WHAT IS EXPECTED:
Retype every entry exactly, character for character.
Start of SOURCE DATA
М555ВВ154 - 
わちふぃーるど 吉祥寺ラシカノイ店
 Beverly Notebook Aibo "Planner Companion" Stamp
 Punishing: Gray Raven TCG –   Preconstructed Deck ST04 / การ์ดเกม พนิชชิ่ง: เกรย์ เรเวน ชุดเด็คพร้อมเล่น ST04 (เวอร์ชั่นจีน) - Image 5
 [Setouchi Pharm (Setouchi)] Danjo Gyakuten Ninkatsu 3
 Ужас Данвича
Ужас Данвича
End of SOURCE DATA
YOUR RESPONSE:
М555ВВ154 - 
わちふぃーるど 吉祥寺ラシカノイ店
 Beverly Notebook Aibo "Planner Companion" Stamp
 Punishing: Gray Raven TCG –   Preconstructed Deck ST04 / การ์ดเกม พนิชชิ่ง: เกรย์ เรเวน ชุดเด็คพร้อมเล่น ST04 (เวอร์ชั่นจีน) - Image 5
 [Setouchi Pharm (Setouchi)] Danjo Gyakuten Ninkatsu 3
 Ужас Данвича
Ужас Данвича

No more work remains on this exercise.